━━ Data for review
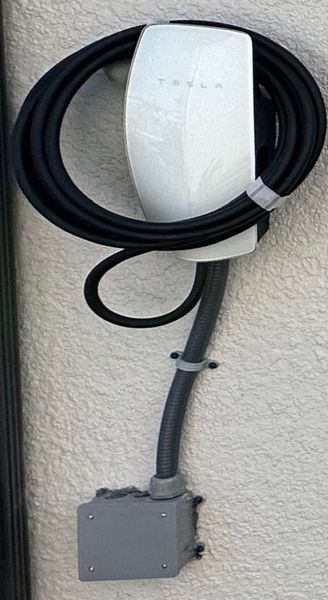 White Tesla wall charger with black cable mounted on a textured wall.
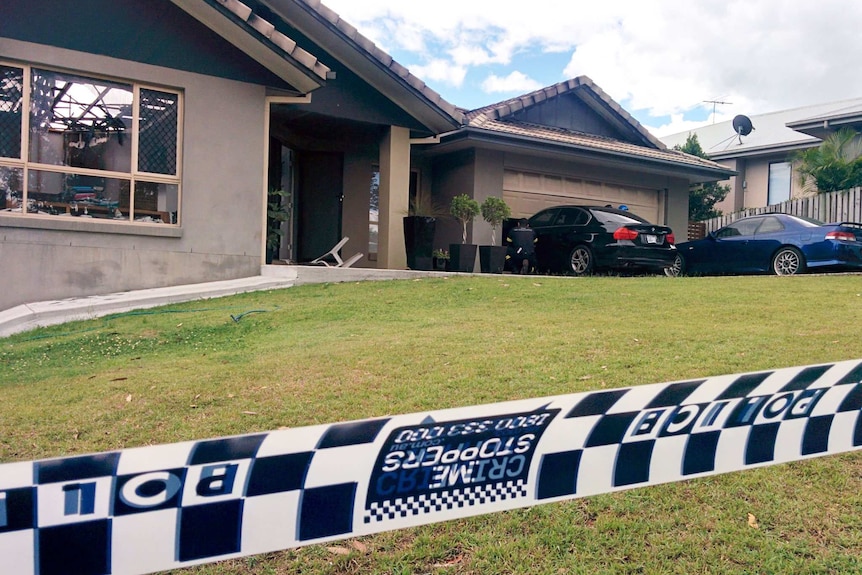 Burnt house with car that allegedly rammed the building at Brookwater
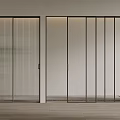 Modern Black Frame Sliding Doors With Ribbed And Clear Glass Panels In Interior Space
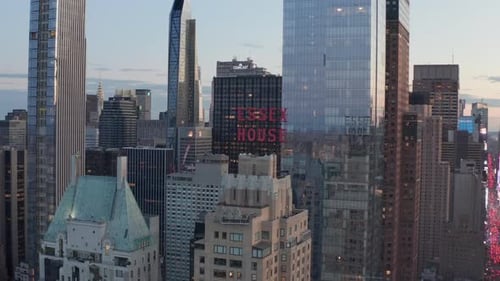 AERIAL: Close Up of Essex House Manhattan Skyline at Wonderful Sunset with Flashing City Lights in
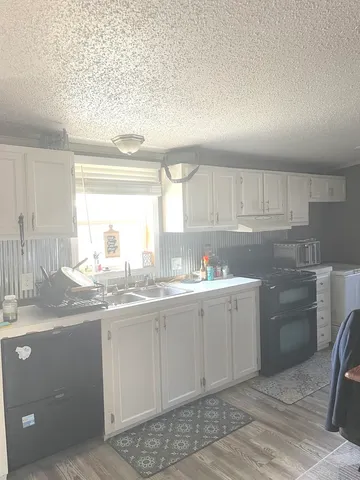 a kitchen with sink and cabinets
━━━━
━━ Data for review
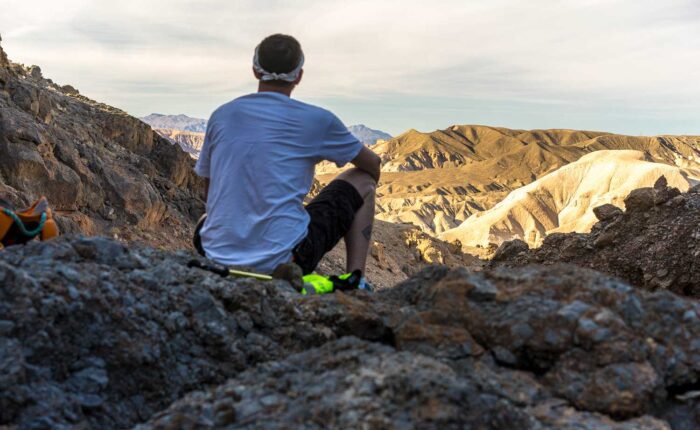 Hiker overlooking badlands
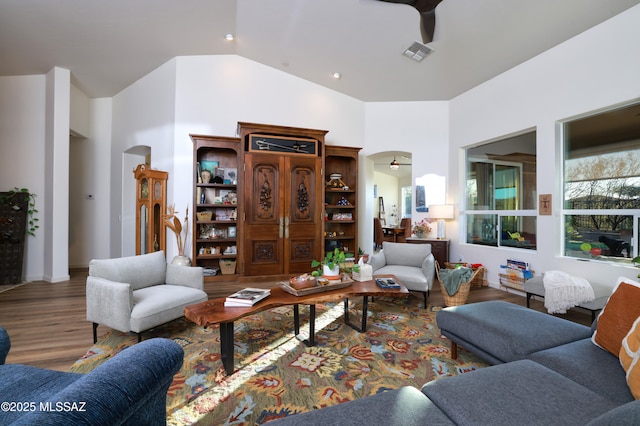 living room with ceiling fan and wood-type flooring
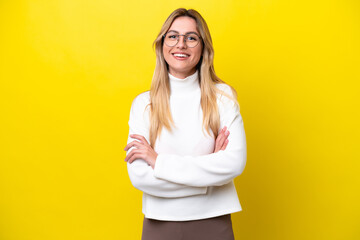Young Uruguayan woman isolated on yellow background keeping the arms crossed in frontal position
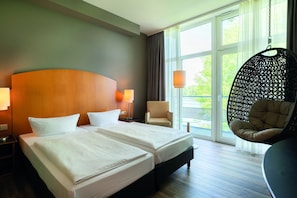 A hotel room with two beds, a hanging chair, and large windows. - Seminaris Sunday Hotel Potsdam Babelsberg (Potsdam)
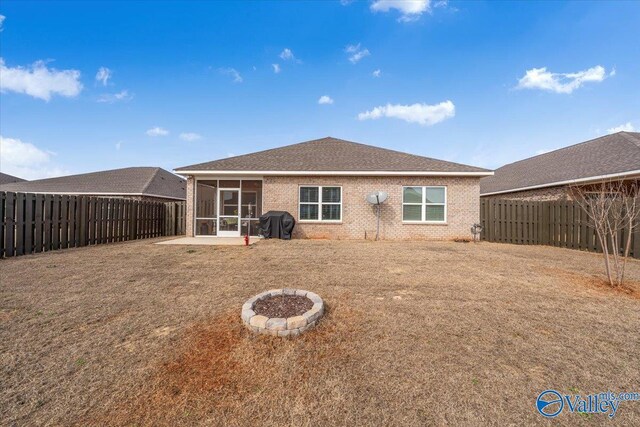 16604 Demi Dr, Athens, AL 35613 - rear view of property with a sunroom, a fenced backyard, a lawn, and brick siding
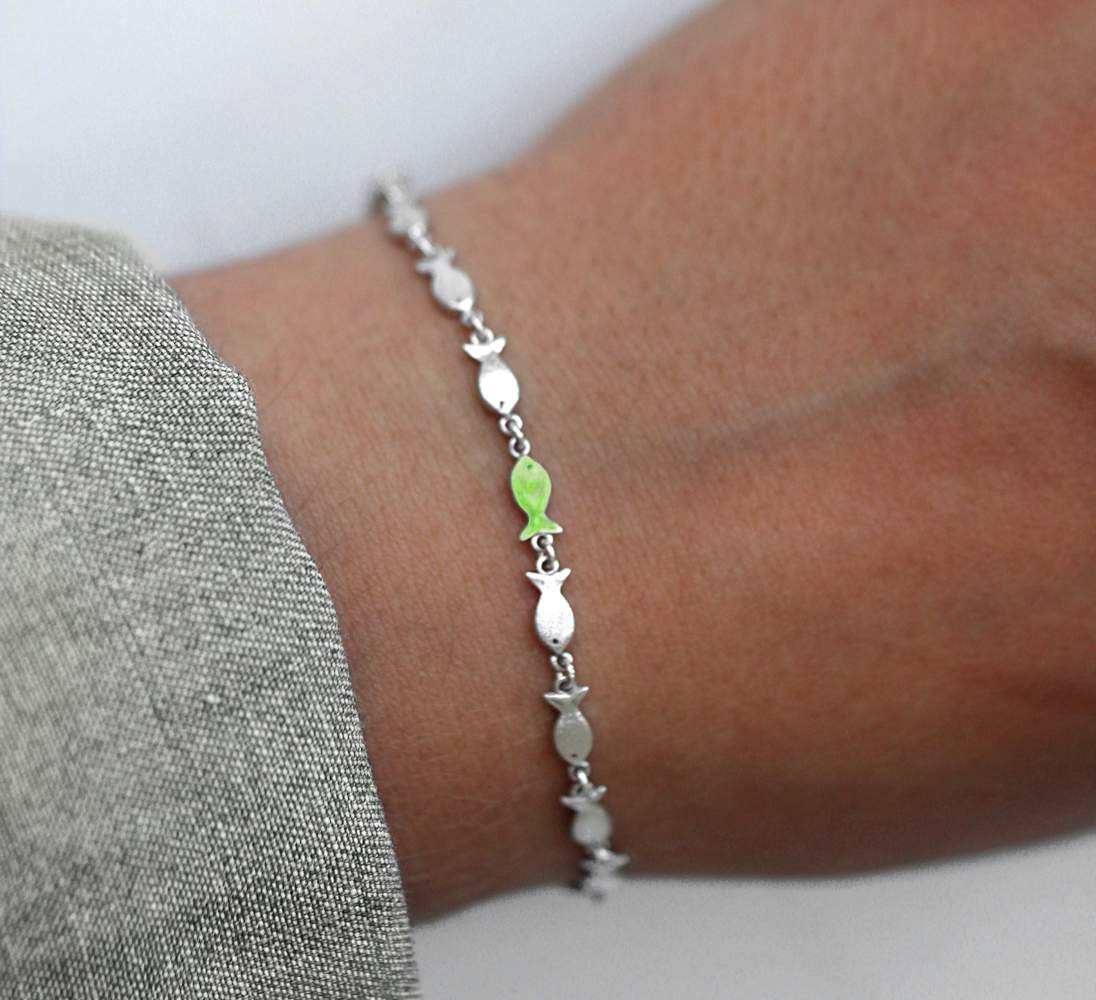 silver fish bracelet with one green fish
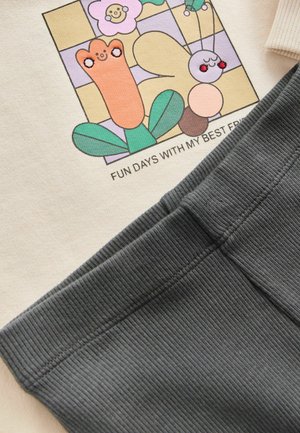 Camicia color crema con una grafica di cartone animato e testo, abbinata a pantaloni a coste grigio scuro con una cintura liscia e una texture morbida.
━━━━
> **Exercise goal**
After locating the line containing "silver fish bracelet with one green fish" in the entries above, return it and every line after it exactly, ending at the line containing "Camicia color crema", without pictures.

> **Result for this task**
 silver fish bracelet with one green fish
 Camicia color crema con una grafica di cartone animato e testo, abbinata a pantaloni a coste grigio scuro con una cintura liscia e una texture morbida.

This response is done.